Child: bureau_balance, Child Variable of bureau: SK_ID_BUREAU

    SK_ID_BUREAU  MONTHS_BALANCE STATUS
0       5715448               0      C
1       5715448              -1      C
2       5715448              -2      C
3       5715448              -3      C
4       5715448              -4      C


Traditionally, we use the relationships between parents and children to aggregate data by grouping together all the children for a single parent and calculating statistics. For example, we might group together all the loans for a single client and calculate the average loan amount. This is straightforward, but can grow extremely tedious when we want to make hundreds of these features. Doing so one at a time is extremely inefficient especially because we end up re-writing much of the code over and over again and this code cannot be used for any different problem! Things get even worse when we have to aggregate the grandchildren because we have to use two steps: first aggregate at the parent level, and then at the grandparent level. Soon we will see that featuretools can do this work automatically for us, generating thousands of features from __all__ of the data tables. When we did this manually it took about 15 minutes per feature (as we saw in the manual feature engineering notebook) so featuretools saves us hundreds of data scientist hours that do not have to be wasted! 

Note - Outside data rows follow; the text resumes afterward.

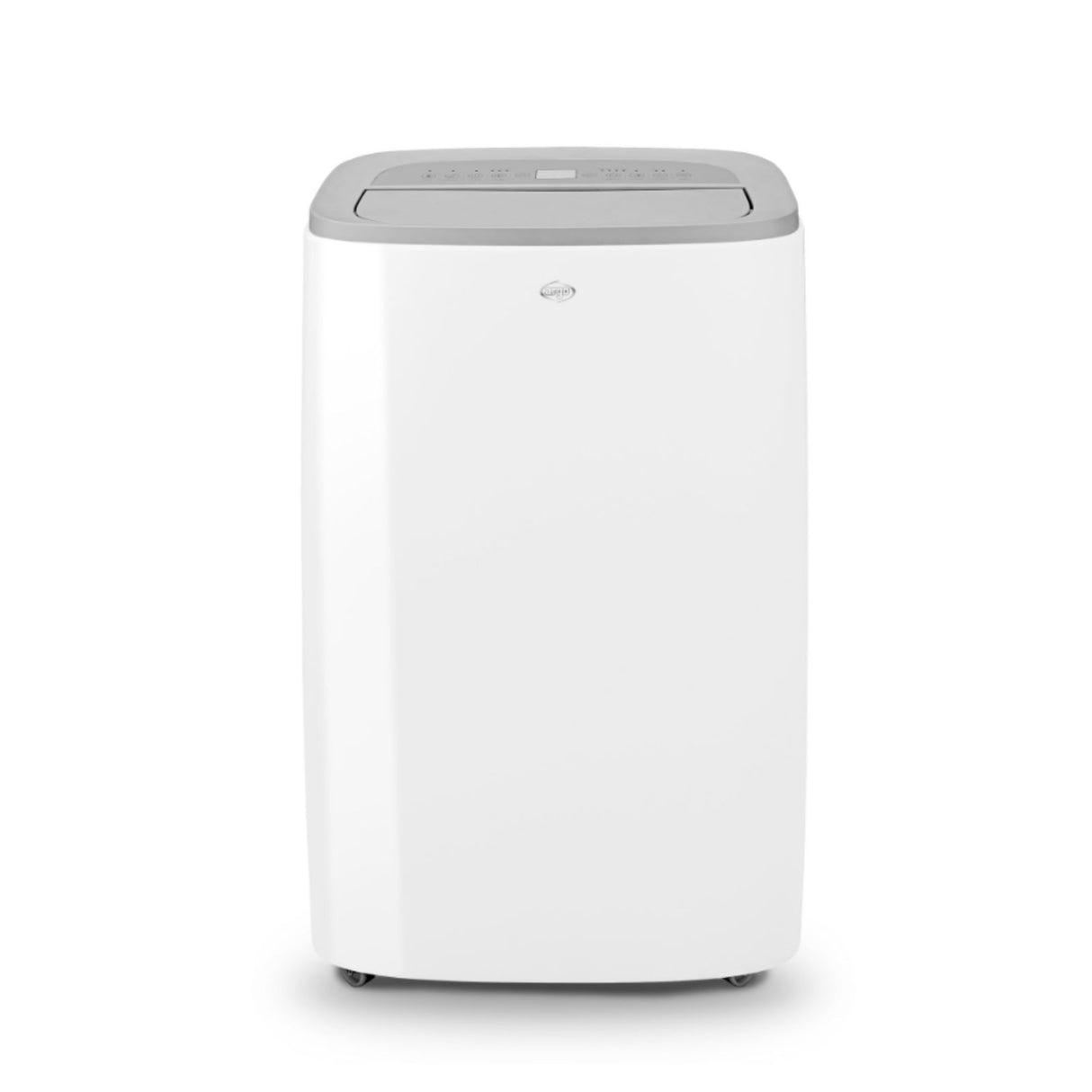 climatizzatore condizionatore portatile argo iro plus 13000 btu pompa di calore cod. 398000696 9297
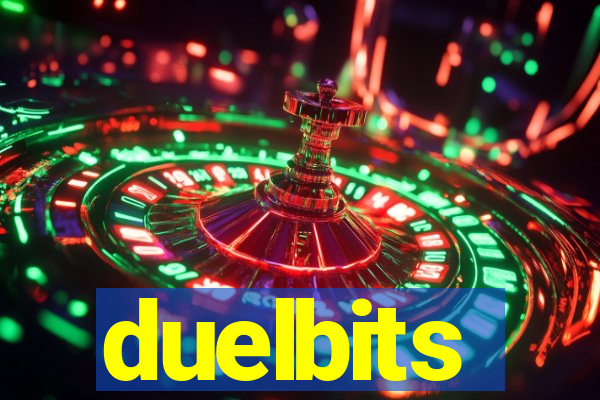 duelbits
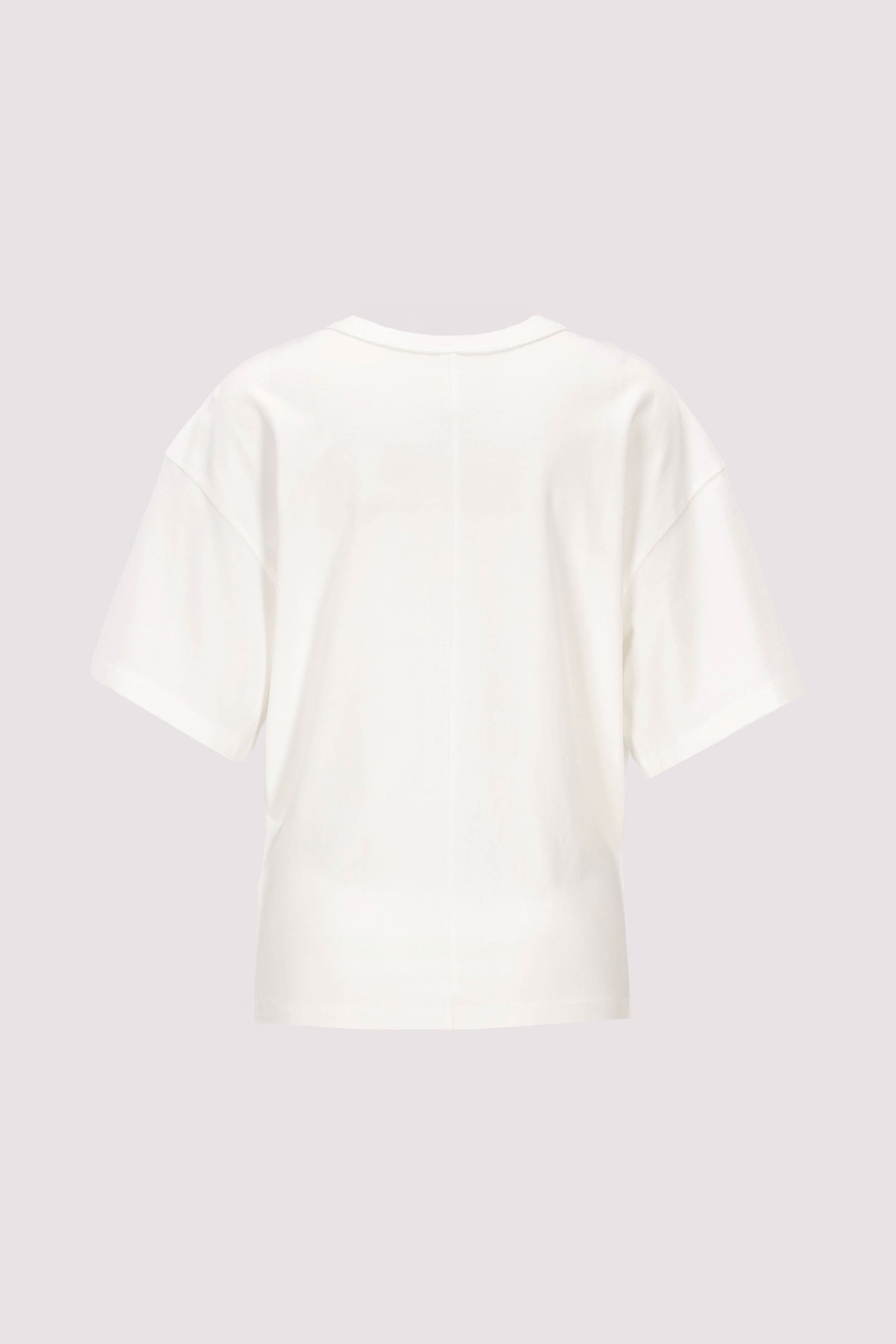 10Days - T-Shirt smock 10Days - T-Shirt smock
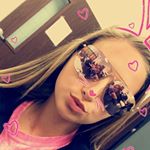Profile Picture of brianna weaver (@brianna.weaver10_) on Instagram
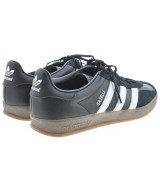 adidas（アディダス）スニーカー 黒 サイズ:26.5cm メンズ/2200703240118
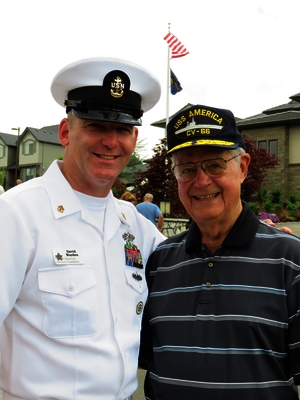 54d2970f227541.16298825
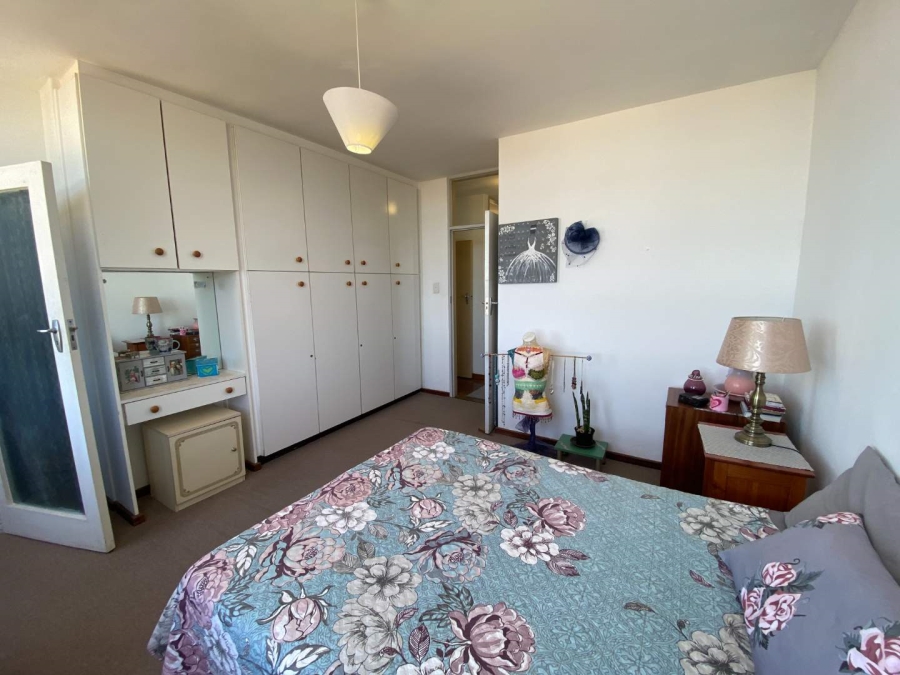 2 Bedroom Property for Sale in Townsend Estate Western Cape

Defining the relationships is relatively straightforward using the diagram for the data tables. For each relationship, we need to first specify the parent variable and then the child variable. Altogether, there are a total of 6 relationships between the tables (counting the training and testing relationships as one). Below we specify these relationships and then add them to the EntitySet.

In [16]:
# Relationship between app_train and bureau
r_app_bureau = ft.Relationship(es['app']['SK_ID_CURR'], es['bureau']['SK_ID_CURR'])

# Relationship between bureau and bureau balance
r_bureau_balance = ft.Relationship(es['bureau']['SK_ID_BUREAU'], es['bureau_balance']['SK_ID_BUREAU'])

# Relationship between current app and previous apps
r_app_previous = ft.Relationship(es['app']['SK_ID_CURR'], es['previous']['SK_ID_CURR'])

# Relationships between previous apps and cash, installments, and credit
r_previous_cash = ft.Relationship(es['previous']['SK_ID_PREV'], es['cash']['SK_ID_PREV'])
r_previous_installments = ft.Relationship(es['previous']['SK_ID_PREV'], es['installments']['SK_ID_PREV'])
r_previous_credit = ft.Relationship(es['previous']['SK_ID_PREV'], es['credit']['SK_ID_PREV'])

In [17]:
# Add in the defined relationships
es = es.add_relationships([r_app_bureau, r_bureau_balance, r_app_previous,
                           r_previous_cash, r_previous_installments, r_previous_credit])
# Print out the EntitySet
es

Entityset: clients
  Entities:
    app [Rows: 356255, Columns: 128]
    bureau [Rows: 1716428, Columns: 17]
    previous [Rows: 1670214, Columns: 37]
    bureau_balance [Rows: 27299925, Columns: 4]
    cash [Rows: 10001358, Columns: 8]
    installments [Rows: 13605401, Columns: 8]
    credit [Rows: 3840312, Columns: 23]
  Relationships:
    bureau.SK_ID_CURR -> app.SK_ID_CURR
    bureau_balance.SK_ID_BUREAU -> bureau.SK_ID_BUREAU
    previous.SK_ID_CURR -> app.SK_ID_CURR
    cash.SK_ID_PREV -> previous.SK_ID_PREV
    installments.SK_ID_PREV -> previous.SK_ID_PREV
    credit.SK_ID_PREV -> previous.SK_ID_PREV

Again, we can see the benefits of using an `EntitySet` that is able to track all of the relationships for us. This allows us to work at a higher level of abstraction, thinking about the entire dataset rather than each individual table, greatly increasing our efficient. 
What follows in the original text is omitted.